* EXERCISE MATERIALS:

■ ■ ■ ■ ■ ■ ■

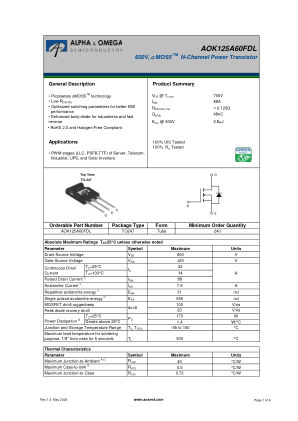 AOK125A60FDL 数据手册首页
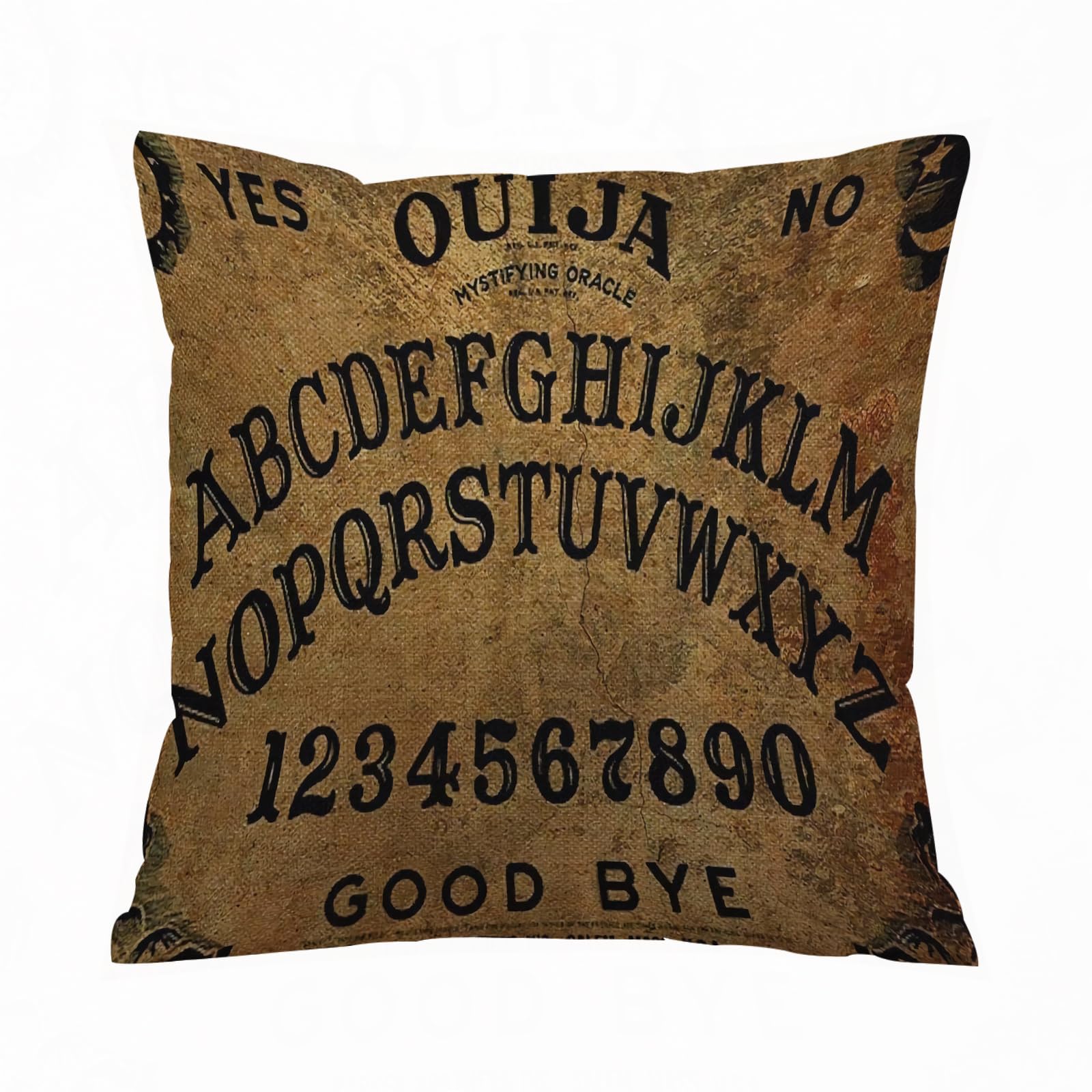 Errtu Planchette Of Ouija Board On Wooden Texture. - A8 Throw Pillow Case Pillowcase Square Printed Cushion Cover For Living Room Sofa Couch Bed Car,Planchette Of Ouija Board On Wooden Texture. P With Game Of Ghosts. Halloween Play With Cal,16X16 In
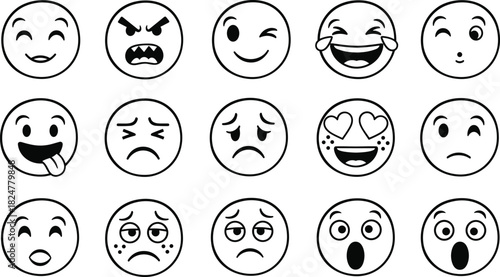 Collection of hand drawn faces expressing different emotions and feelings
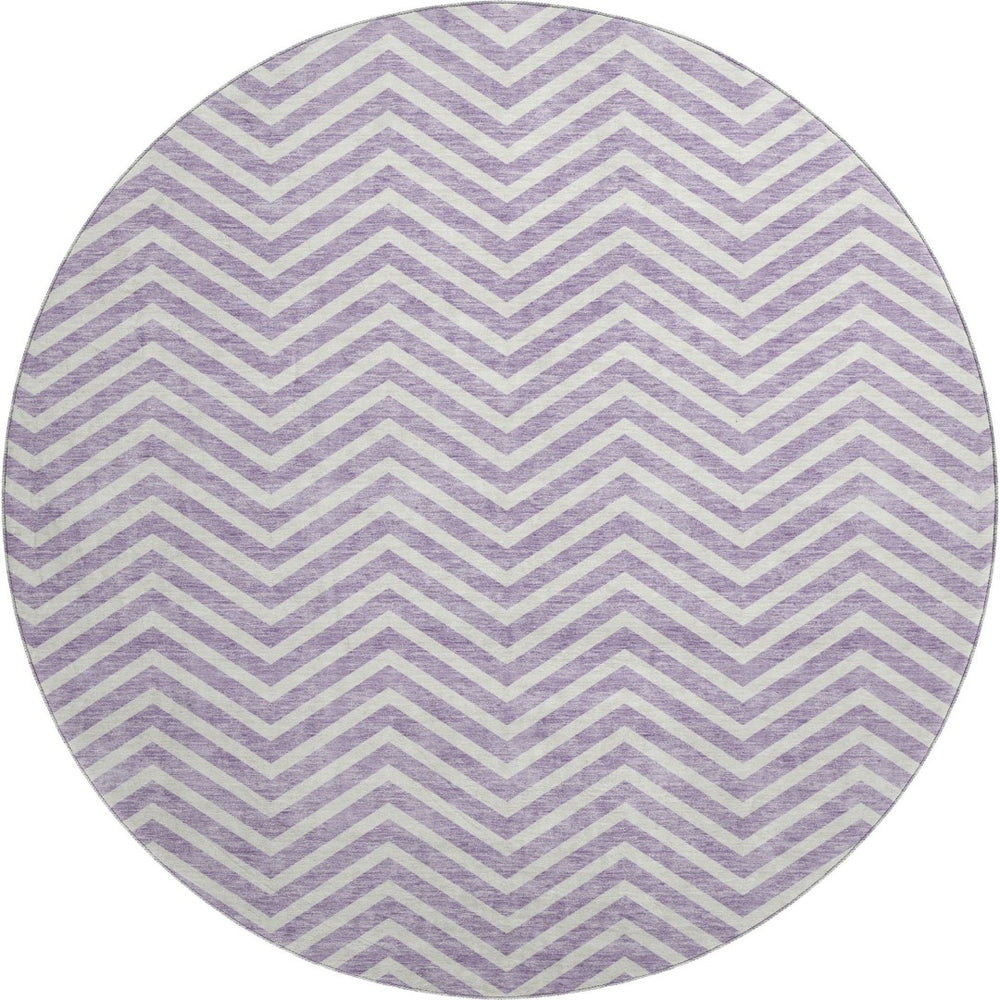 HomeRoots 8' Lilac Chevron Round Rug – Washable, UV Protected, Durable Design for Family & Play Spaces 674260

■ ■ ■ ■ ■ ■ ■

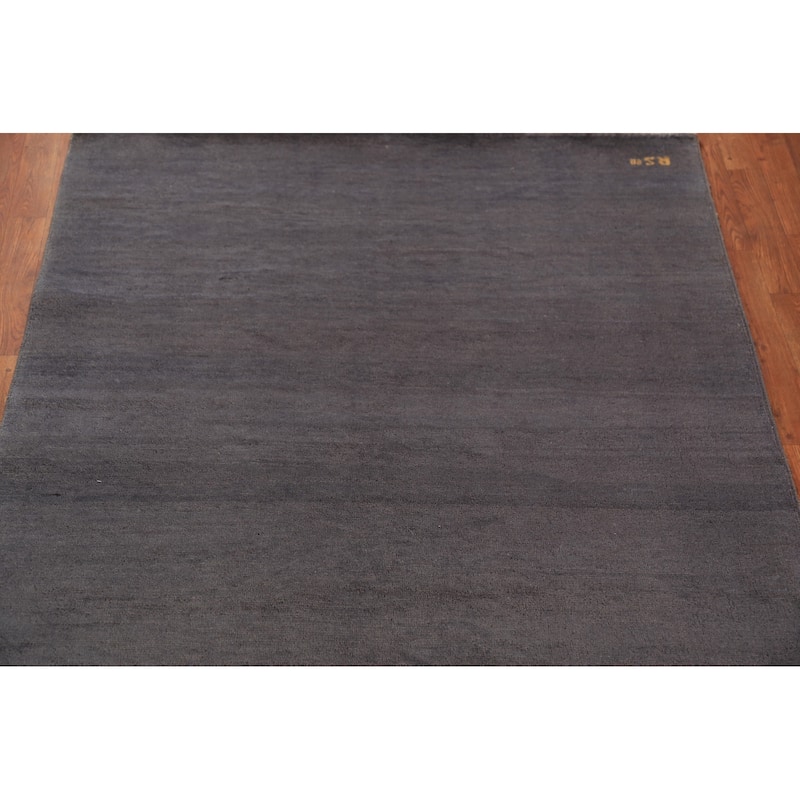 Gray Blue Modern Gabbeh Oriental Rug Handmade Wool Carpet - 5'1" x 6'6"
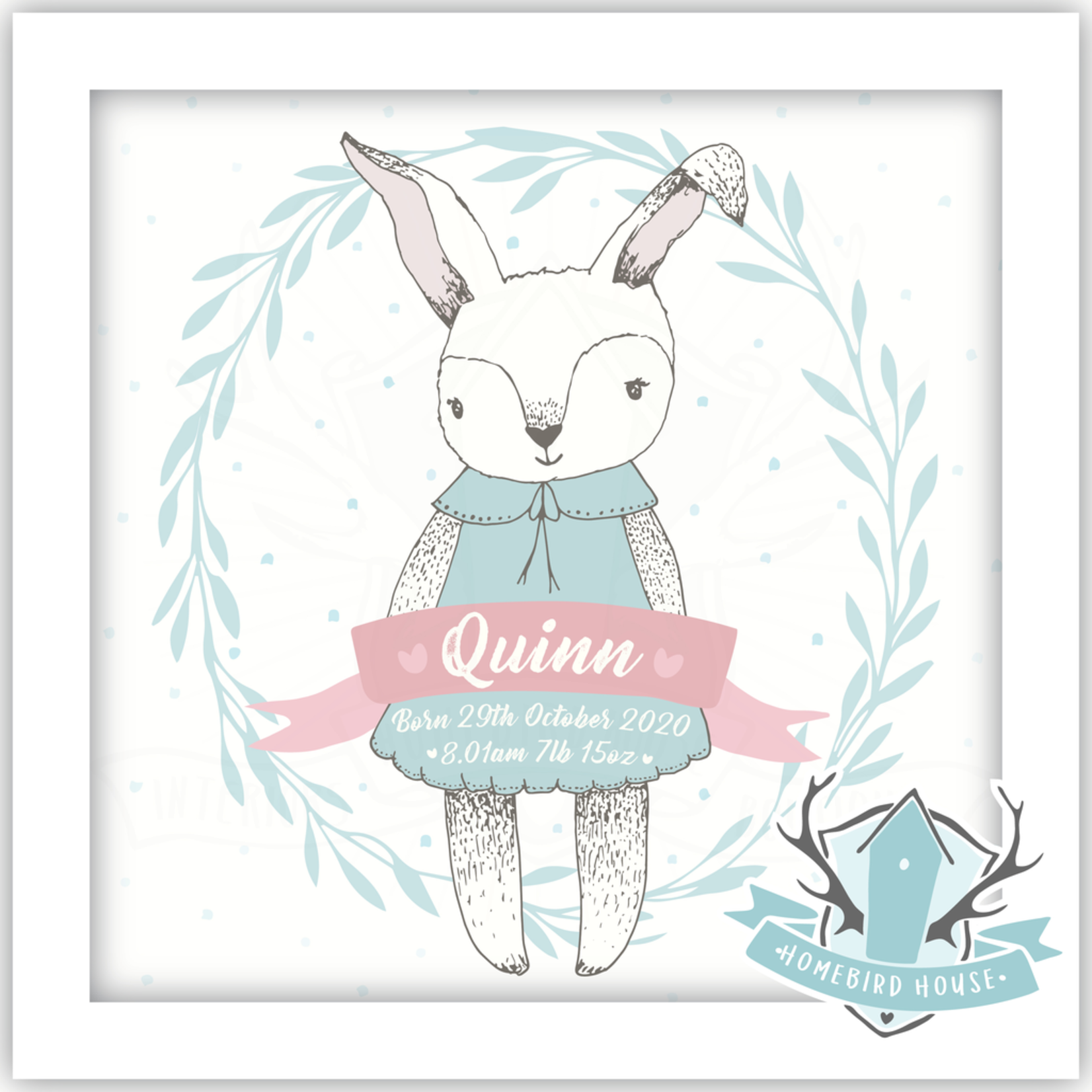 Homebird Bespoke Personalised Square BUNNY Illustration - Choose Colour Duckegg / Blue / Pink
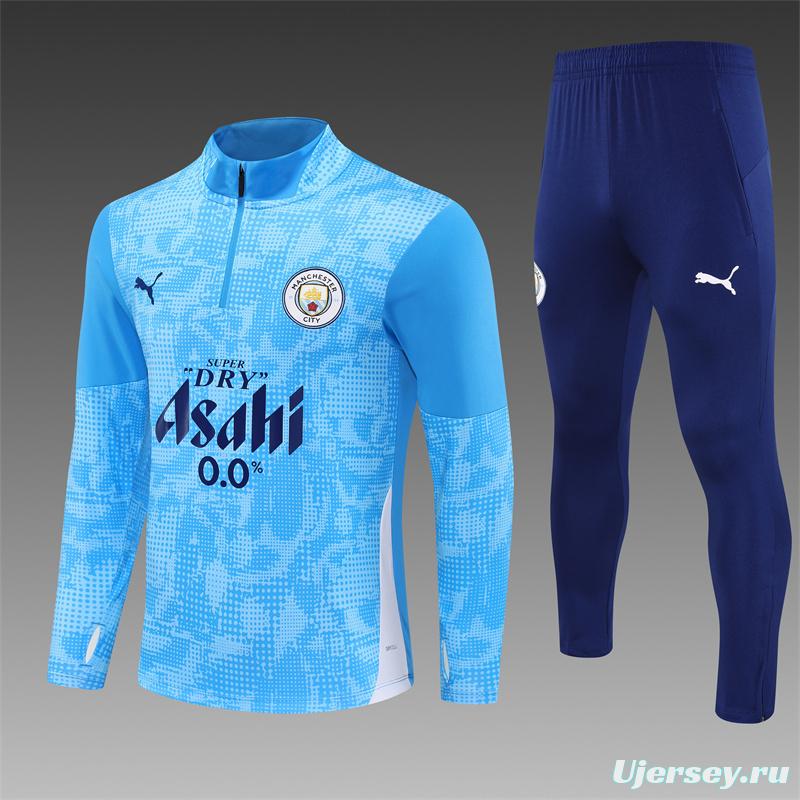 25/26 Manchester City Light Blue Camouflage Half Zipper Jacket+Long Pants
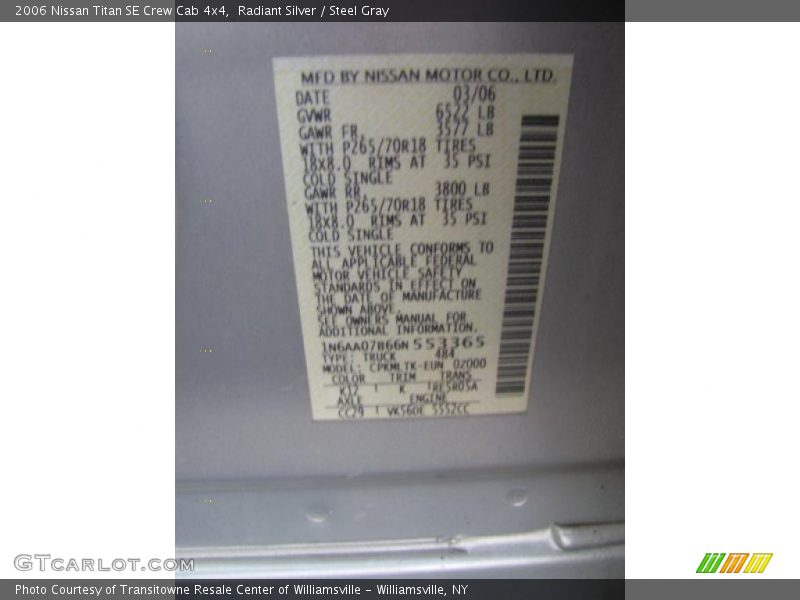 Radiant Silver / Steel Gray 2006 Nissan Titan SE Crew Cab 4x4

■ ■ ■ ■ ■ ■ ■

* WHAT NEEDS TO BE DONE: Please output, exactly as written, the lines above from the one holding "25/26 Manchester City" through the one holding "Radiant Silver /", both included, with the pictures omitted.

* SOLUTION TO THE PROBLEM:
 25/26 Manchester City Light Blue Camouflage Half Zipper Jacket+Long Pants
 Radiant Silver / Steel Gray 2006 Nissan Titan SE Crew Cab 4x4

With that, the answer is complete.